[Crawled caption data]
-- -- --

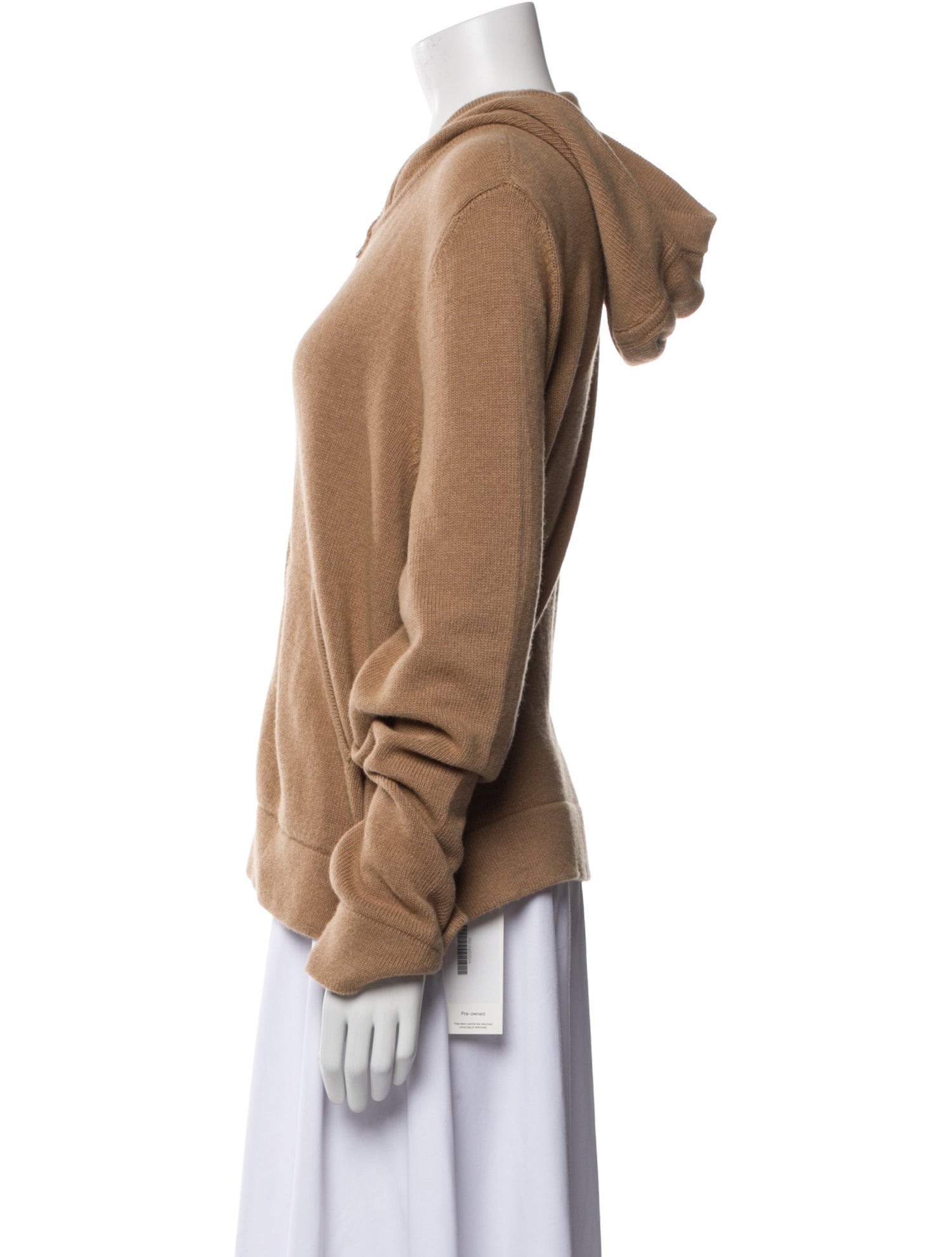 Goop G. Label Virgin Wool V-Neck Sweater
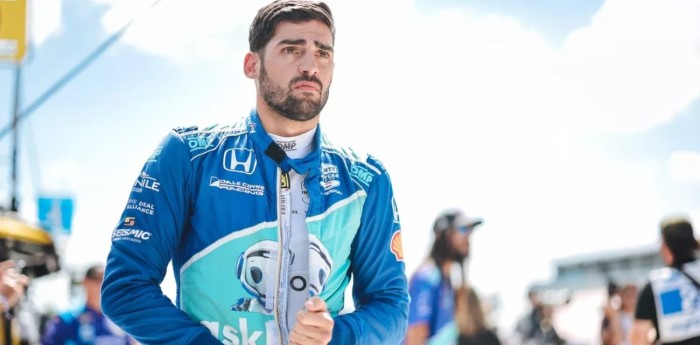 IndyCar: VeeKay saludó a los hinchas latinoamericanos tras su llegada al Juncos Hollinger Racing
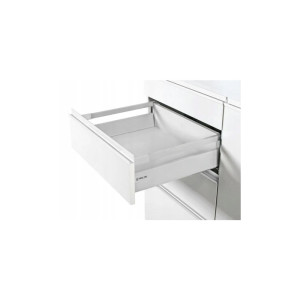 Szuflada REJS Comfort Box 450 mm średnia H164 biała 35kg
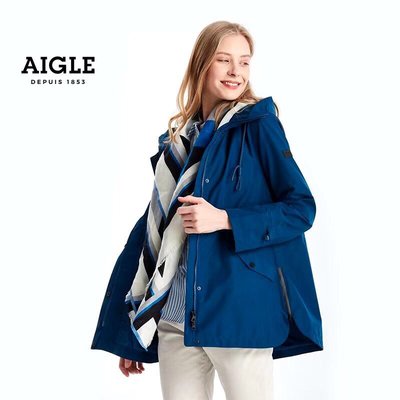 法國AIGLE 艾高 女士GORE-TEX防水防風夾克 CARRIE NEW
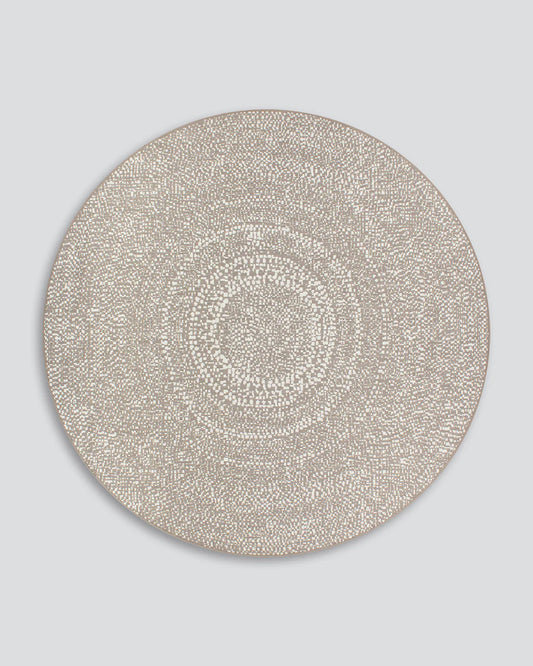 Cove Ecru Rug 240cm Round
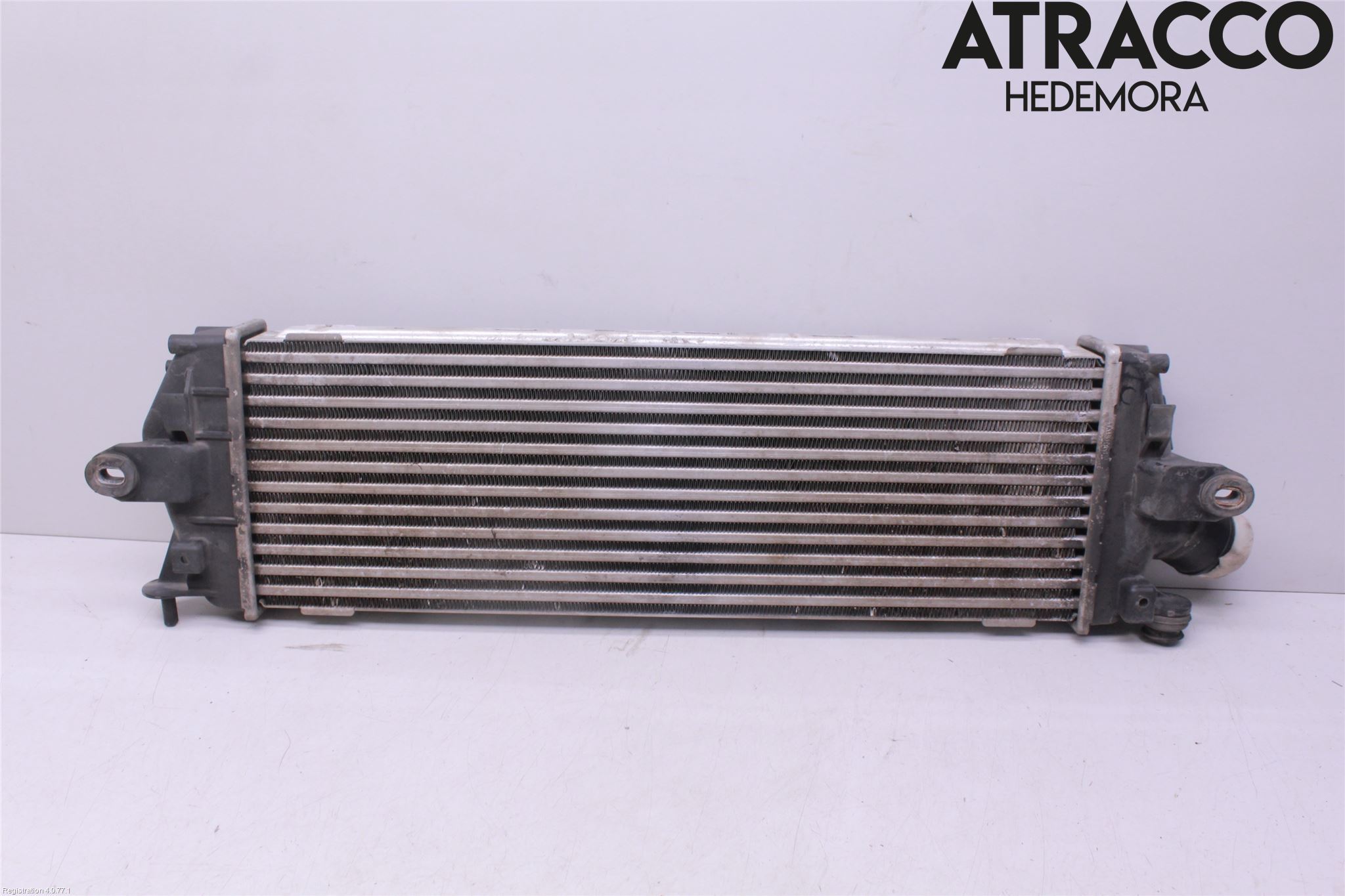 Opel VIVARO 01-14 Laddluft-Intercooler Kyl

-- -- --

[Aim of the task] Give every entry back unchanged, with no pictures.

[Response box]
 Goop G. Label Virgin Wool V-Neck Sweater
 IndyCar: VeeKay saludó a los hinchas latinoamericanos tras su llegada al Juncos Hollinger Racing
 Szuflada REJS Comfort Box 450 mm średnia H164 biała 35kg
 法國AIGLE 艾高 女士GORE-TEX防水防風夾克 CARRIE NEW
 Cove Ecru Rug 240cm Round
 Opel VIVARO 01-14 Laddluft-Intercooler Kyl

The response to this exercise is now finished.